Yeah, you have heard those parents. I call them the parenthood lobbyists. They say "it's the best thing..." or "You are missing out..." but they are only telling part of the story. The trick is to tune the lobbyists out and focus on what you really want and what your partner really wants. Then, whatever you choose, whatever the outcome, you can still choose to be happy.

Wednesday, October 2, 2013

Taking Control at End of Life

What happens when you get old? It's an annoying question, I know, but even more annoying when you don't have an answer.

That is why I was thrilled to see NY Times Blogger Paula Span, elder care expert, tackle this issue head on and write in detail about the importance and challenges of a having a health care proxy.
While you may be able to convince a trusted relative, lawyer, doctor, or nurse to be your proxy, they may not feel comfortable in that role, writes Span:

"Geriatric care managers seem a better fit; they’re comfortable in hospitals and nursing homes and charge lower hourly rates than lawyers. Karen Wasserman, director of Your Elder Experts, part of Jewish Family and Children’s Services in Boston, serves as surrogate for a 97-year-old Holocaust survivor with no family, and she’s starting to see healthy people in their 70s putting their paperwork together and asking her staff to take that role.
“I don’t see it as that big a leap,” Ms. Wasserman said. “Often, it’s continuing the work we do anyway, advocating for our clients,” whom the staff has often known for years. “It’s often an honor to be there for these people. It’s part of the deal.”

There are childfree folks out there that would, literally, rather die than relinquish control of their end of life decision-making and that poses another challenge. Are we ready as a society to let them make that choice, like Switzerland allows through the Exit organization? You tell me?

Photo credit: Flickr Photo by Flatbush Gardener

Thursday, August 22, 2013

Parents Supporting Their Childfree Children


I have been very fortunate in the fact that both my parents have always supported my choice to remain childfree. This is not always the case for childfree folks, as I documented in my book Two is Enough and the documentary film The Childless by Choice Project. Some parents do put a lot of pressure on their children to produce the grandchildren. Other parents just can't understand why.

I had a really happy childhood, with a Mom and Dad who were excellent role models for Parenthood. Yet I chose to remain childless by choice, not because I didn't know how to parent but because I didn't think parenthood was a good role for me.

I can't tell you how many times people have told me, "Oh, you would be such a great mom!" And maybe I would be but I am convinced that had I been a mother I would have experienced many  unhappy and frustrating days wondering why I had chosen this path when other paths seemed so much more appealing and natural for me.

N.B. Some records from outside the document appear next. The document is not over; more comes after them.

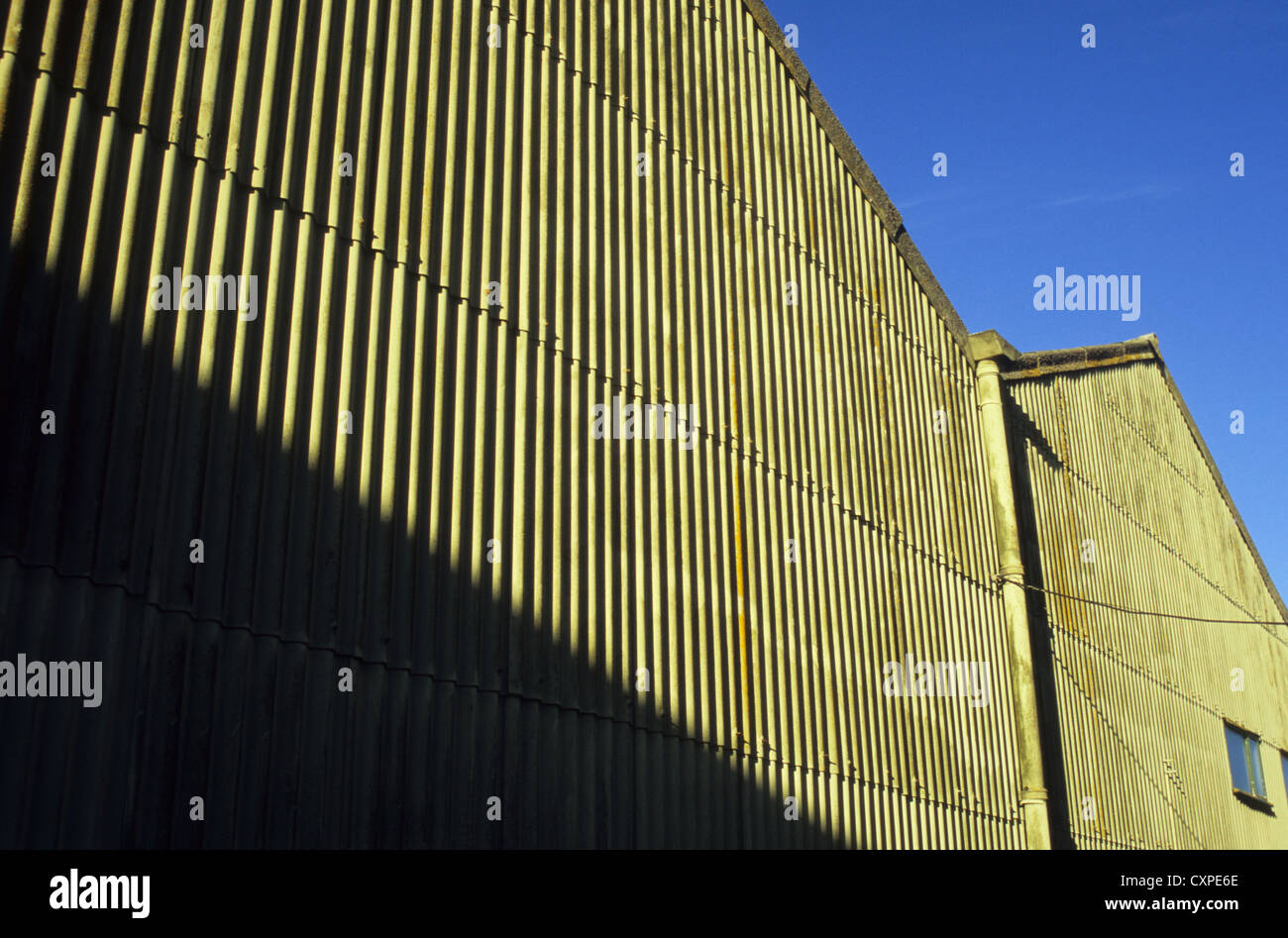 Detail Seite des Werk oder Lager mit Wellen von Wellblech Wände Sidelit unter blauem Himmel Stockfoto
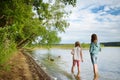 Two young sisters having fun on a sandy lake beach on warm and sunny summer day. Kids playing by the river Royalty Free Stock Photo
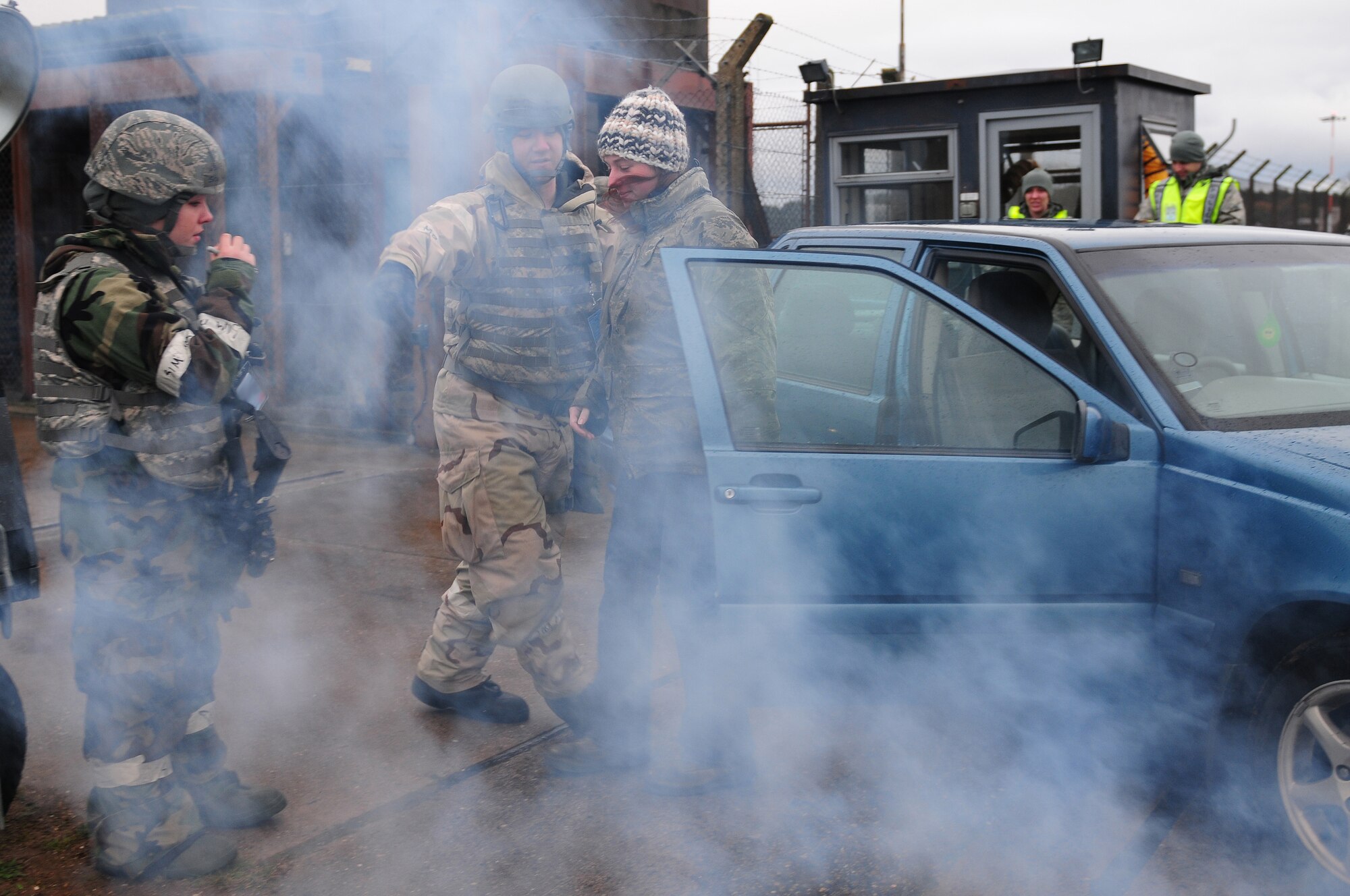 ROYAL AIR FORCE LAKENHEATH, England - Senior Airmen Anna Wilsey and Sean Gallant, 48th Security Forces Squadron patrolmen, assists a victim out of a simulated vehicle collision during the NATO Tactical Evaluation, Dec. 15, 2011. The exercise measured the 48th Fighter Wing's ability to respond to a contingency situation. (U.S. Air Force photo by Senior Airman Lausanne Morgan)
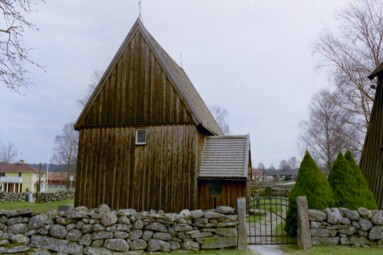 Hedareds kyrka och kyrkogårdsmur med grind från väster.
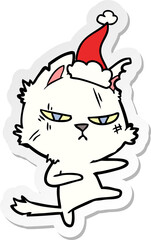 tough sticker cartoon of a cat wearing santa hat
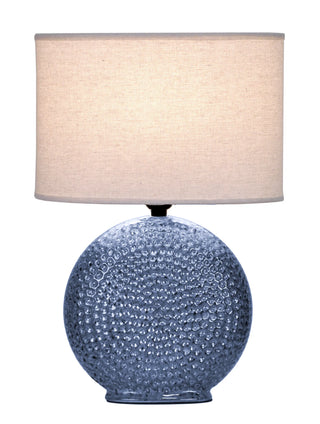 Monterey Lamp
Table lamp with textured blue base and barrel linen beige lampshade round glass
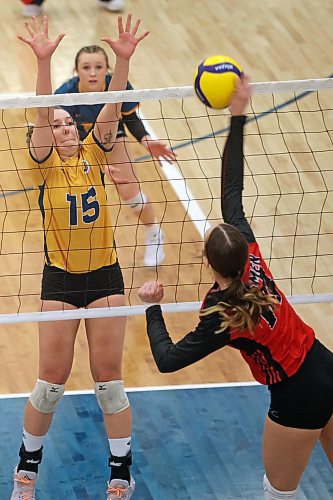 17022022
Nicole Ashauer of the Brandon University Bobcats leaps to block the ball during university women's volleyball action against the University of Winnipeg Wesmen at the BU Healthy Living Centre on Thursday evening.  (Tim Smith/The Brandon Sun)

This is why I was glad to see Barbara Walters, one of the hosts of  the current events show The View defend her daughter's decision to remain childless.  As a career television journalist, Barbara Walters knows more than most women how difficult it can be to navigate motherhood and career and clearly she is very proud of her daughter, saying that she's very caring and loving, particularly to old people like herself.
 
One of the other women on the panel already had a child but was planning for more and couldn't wait for the opportunity to breast-feed a baby. You could tell by the faces of the other women on the panel that breast-feeding an infant was definitely not something they were wishing for as they lay their head on their pillow at night. And this is why The View's panel of five women works so well and why we tune in. These five women are a diverse group from all walks of life and they have a variety of experiences and opinions about issues that concern us all.  Yet they can agree that parenthood is not for everybody and recognize that although they would happily choose parenthood for themselves they can understand why some women and men may not want what they want.

If these five women of The View wanted the same things, believed the same things, and held the same opinions  we wouldn't be watching the show.  
 
Lucky for us, and lucky for the networks who profit from these shows, we respectfully disagree!